Bisnis.com, JAKARTA — Kementerian Energi dan Sumber Daya Mineral (ESDM) bakal mendorong percepatan penggunaan energi baru terbarukan (EBT) di tengah konflik Timur Tengah yang memanas. Konflik Iran-Israel belakangan membuat harga minyak dunia mendidih.
Juru bicara (jubir) Kementerian ESDM Dwi Anggia menuturkan, pemerintah sangat menyadari bahwa eskalasi geopolitik di kawasan Timur Tengah, berpotensi mempengaruhi stabilitas pasokan dan harga energi tidak hanya Indonesia tapi juga secara global.
"Untuk itu Indonesia tentu perlu menyiapkan langkah antisipatif yang matang," kata Dwi kepada Bisnis, Selasa (17/6/2025).
Dia menuturkan saat ini dampak dari konflik sudah terasa. Harga minyak global naik.
Melansir Bloomberg, harga minyak berjangka Brent untuk kontrak pengiriman Agustus 2025 menguat 2,8% menjadi US$76,29 per barel pada pada Senin kemarin, setelah menguat 7% pada akhir pekan.
Sementara itu, harga minyak West Texas Intermediate (WTI) untuk kontrak pengiriman Juli 2025 menguat 2,7% ke US$74,95 per barel.
Baca Juga
Menurut Dwi, kenaikan harga tersebut akan memengaruhi harga minyak mentah Indonesia (ICP). Namun, belum melebihi Asumsi Makro ICP dalam APBN 2025 yang ditetapkan yakni sebesar US$82 per barel.

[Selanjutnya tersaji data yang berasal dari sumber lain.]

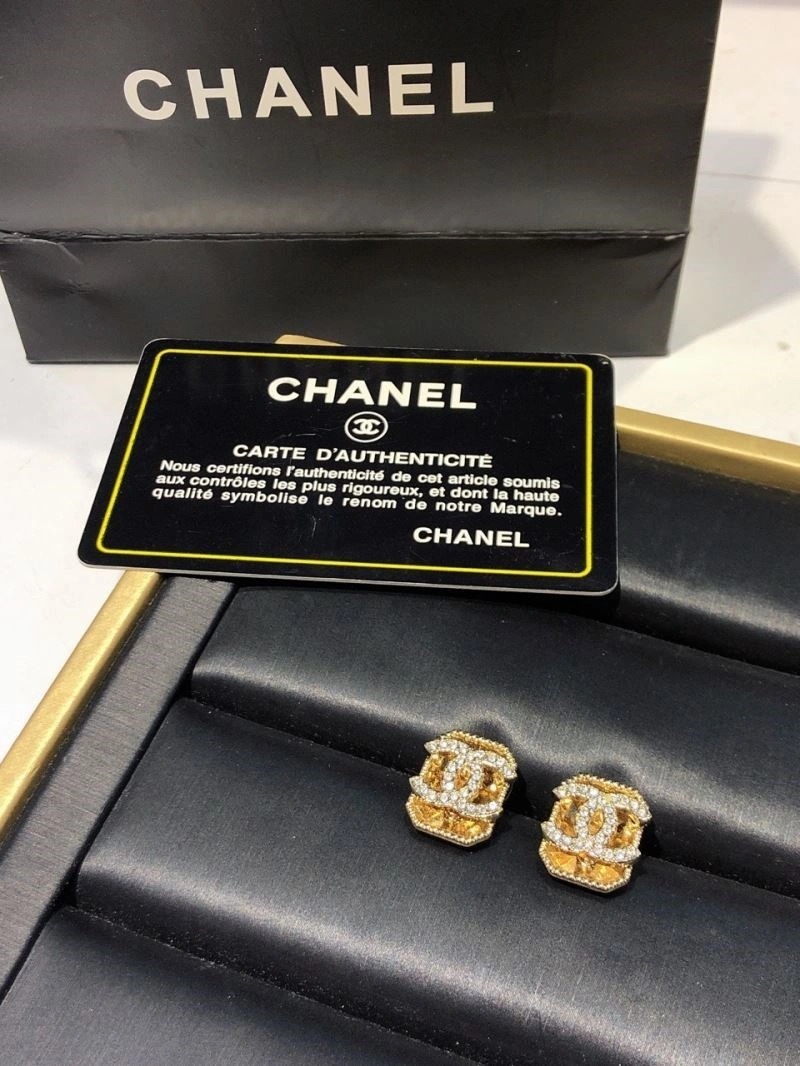 Chanel Earrings EasyMatch 225278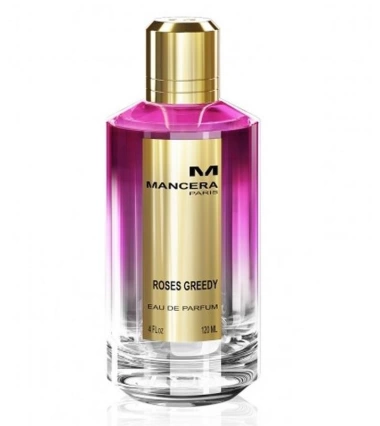 Roses Greedy De Mancera 120 ML Mujer EDP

Pihaknya pun berjanji terus memantau perkembangan. Di satu sisi, situasi saat ini pun mendorong pemerintah untuk mempercepat pengembangan energi terbarukan.

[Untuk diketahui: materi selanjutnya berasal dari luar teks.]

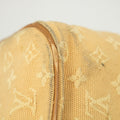 Louis Vuitton Beige Monogram Mini Lucille PM Tote Bag -#2456 by Bolt Boutique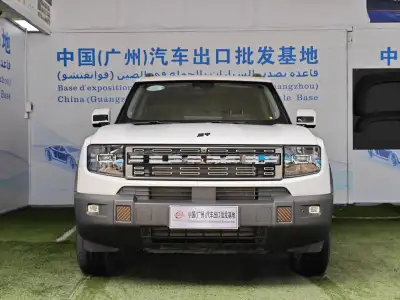 JETOUR Shanhai Shanhai T1 thumbnail 2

Pengembangan EBT, termasuk biofuel pun kembali menghangat, karena Indonesia memiliki sumber daya yang mumpuni.
"Peristiwa geopolitik ini juga menjadi momentum untuk mempercepat pengembangan energi baru terbarukan. Konflik di luar negeri adalah faktor eksternal yang tidak bisa kita kendalikan," jelas Dwi.
Dia menambahkan bahwa pemerintah bakal berusaha membangun sistem energi nasional yang lebih tangguh, adaptif, dan mandiri.
"Ini tentunya sejalan dng Asta Cita Presiden Prabowo yakni membantgun kemandirian dan swasembada energi," katanya.
Terpisah, Wakil Menteri ESDM Yuliot Tanjung juga menyinggung terkait program EBT yang terus digaungkan, seperti mandatori biodiesel B50 pada tahun depan. Ini demi mengantisipasi peningkatan harga minyak.
Dia optimistis ketahanan energi akan terus meningkat. Tak hanya itu, ketergantungan terhadap bahan bakar fosil juga akan beralih ke peningkatan pemakaian listrik.
"Itu kita percepat pembangunan untuk geothermal [panas bumi]. Dalam waktu dekat, itu ada empat geothermal yang segera akan diresmikan juga masuk fase produksi komersial. Jadi ya ini juga mengurangi ketergantungan kita terhadap minyak," tuturnya kepada wartawan, Jumat (13/6/2025).
Di samping itu, Yuliot mendorong produksi migas untuk memperkuat ketahanan energi nasional. Menurutnya, ini krusial untuk mengantisipasi memanasnya konflik Iran-Israel.
Dia mengatakan, pemerintah akan menggenjot produksi migas nasional agar Indonesia tak lagi bergantung pada pasokan energi global, termasuk untuk kebutuhan minyak domestik.
"Jadi ya kan kita ada ketahanan energi. Jadi ya kita mengusahakan ada peningkatan produksi migas dalam negeri, terutama untuk crude [minyak mentah]," katanya.
Dia menerangkan, saat ini tingkat produksi minyak nasional mulai meningkat dari rata-rata produksi tahun lalu sebanyak 560.000-570.000 barel per hari, kini di atas 600.000 barel per hari.
"Ini dilihat dari bulan ini sudah di atas 610.000 barel," tegasnya.